__Problem to solve__:
Going down the listing below, print exactly each line from the one with "Almohada de pared" up to and including the one with "Antik faragott trón", and skip the rest.

__Recorded information__:
/---
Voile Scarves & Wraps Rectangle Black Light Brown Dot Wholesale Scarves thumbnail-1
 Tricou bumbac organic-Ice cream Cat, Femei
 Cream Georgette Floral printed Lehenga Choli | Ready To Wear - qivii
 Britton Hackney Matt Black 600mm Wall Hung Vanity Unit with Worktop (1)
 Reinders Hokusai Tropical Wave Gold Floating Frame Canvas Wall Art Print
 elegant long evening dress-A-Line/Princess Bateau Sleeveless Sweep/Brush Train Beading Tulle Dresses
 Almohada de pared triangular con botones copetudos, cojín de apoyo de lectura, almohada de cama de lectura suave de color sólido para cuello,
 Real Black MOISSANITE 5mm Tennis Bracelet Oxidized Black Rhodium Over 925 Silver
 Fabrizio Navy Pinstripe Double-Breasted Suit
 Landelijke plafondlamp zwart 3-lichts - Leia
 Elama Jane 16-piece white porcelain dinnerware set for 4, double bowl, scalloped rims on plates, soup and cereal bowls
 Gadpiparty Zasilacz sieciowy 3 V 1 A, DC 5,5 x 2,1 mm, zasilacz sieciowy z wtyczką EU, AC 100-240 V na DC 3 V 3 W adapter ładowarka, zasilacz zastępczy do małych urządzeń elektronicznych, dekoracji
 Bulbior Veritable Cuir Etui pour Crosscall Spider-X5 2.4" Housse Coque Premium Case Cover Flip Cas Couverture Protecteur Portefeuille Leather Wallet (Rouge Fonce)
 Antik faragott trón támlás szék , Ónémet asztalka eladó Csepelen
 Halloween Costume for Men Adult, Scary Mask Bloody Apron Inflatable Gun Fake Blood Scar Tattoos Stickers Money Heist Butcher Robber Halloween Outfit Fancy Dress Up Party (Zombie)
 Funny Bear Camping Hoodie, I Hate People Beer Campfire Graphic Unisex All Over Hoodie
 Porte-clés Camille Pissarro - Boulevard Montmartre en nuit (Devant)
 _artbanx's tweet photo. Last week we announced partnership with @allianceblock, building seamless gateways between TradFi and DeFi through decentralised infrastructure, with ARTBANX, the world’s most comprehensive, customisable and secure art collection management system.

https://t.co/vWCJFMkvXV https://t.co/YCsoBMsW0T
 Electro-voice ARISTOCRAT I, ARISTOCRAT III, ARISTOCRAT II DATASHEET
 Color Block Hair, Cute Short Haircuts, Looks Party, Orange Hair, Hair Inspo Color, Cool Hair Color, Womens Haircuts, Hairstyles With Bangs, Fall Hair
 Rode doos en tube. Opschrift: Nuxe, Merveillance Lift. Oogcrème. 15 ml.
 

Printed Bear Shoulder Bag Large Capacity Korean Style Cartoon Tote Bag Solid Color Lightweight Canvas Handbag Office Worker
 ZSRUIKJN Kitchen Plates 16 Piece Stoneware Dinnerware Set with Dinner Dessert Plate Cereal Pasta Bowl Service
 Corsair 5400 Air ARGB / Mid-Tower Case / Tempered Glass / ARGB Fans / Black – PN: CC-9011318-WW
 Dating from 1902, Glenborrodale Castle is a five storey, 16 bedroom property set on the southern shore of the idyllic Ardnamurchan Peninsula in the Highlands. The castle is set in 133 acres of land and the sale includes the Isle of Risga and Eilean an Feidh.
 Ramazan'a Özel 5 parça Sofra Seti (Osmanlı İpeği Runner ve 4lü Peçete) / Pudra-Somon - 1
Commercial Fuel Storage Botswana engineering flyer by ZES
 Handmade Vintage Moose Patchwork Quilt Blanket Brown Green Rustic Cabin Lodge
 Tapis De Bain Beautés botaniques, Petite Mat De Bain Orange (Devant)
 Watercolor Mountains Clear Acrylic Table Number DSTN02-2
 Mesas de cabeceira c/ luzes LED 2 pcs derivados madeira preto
\---
__Solution for this problem__:
 Almohada de pared triangular con botones copetudos, cojín de apoyo de lectura, almohada de cama de lectura suave de color sólido para cuello,
 Real Black MOISSANITE 5mm Tennis Bracelet Oxidized Black Rhodium Over 925 Silver
 Fabrizio Navy Pinstripe Double-Breasted Suit
 Landelijke plafondlamp zwart 3-lichts - Leia
 Elama Jane 16-piece white porcelain dinnerware set for 4, double bowl, scalloped rims on plates, soup and cereal bowls
 Gadpiparty Zasilacz sieciowy 3 V 1 A, DC 5,5 x 2,1 mm, zasilacz sieciowy z wtyczką EU, AC 100-240 V na DC 3 V 3 W adapter ładowarka, zasilacz zastępczy do małych urządzeń elektronicznych, dekoracji
 Bulbior Veritable Cuir Etui pour Crosscall Spider-X5 2.4" Housse Coque Premium Case Cover Flip Cas Couverture Protecteur Portefeuille Leather Wallet (Rouge Fonce)
 Antik faragott trón támlás szék , Ónémet asztalka eladó Csepelen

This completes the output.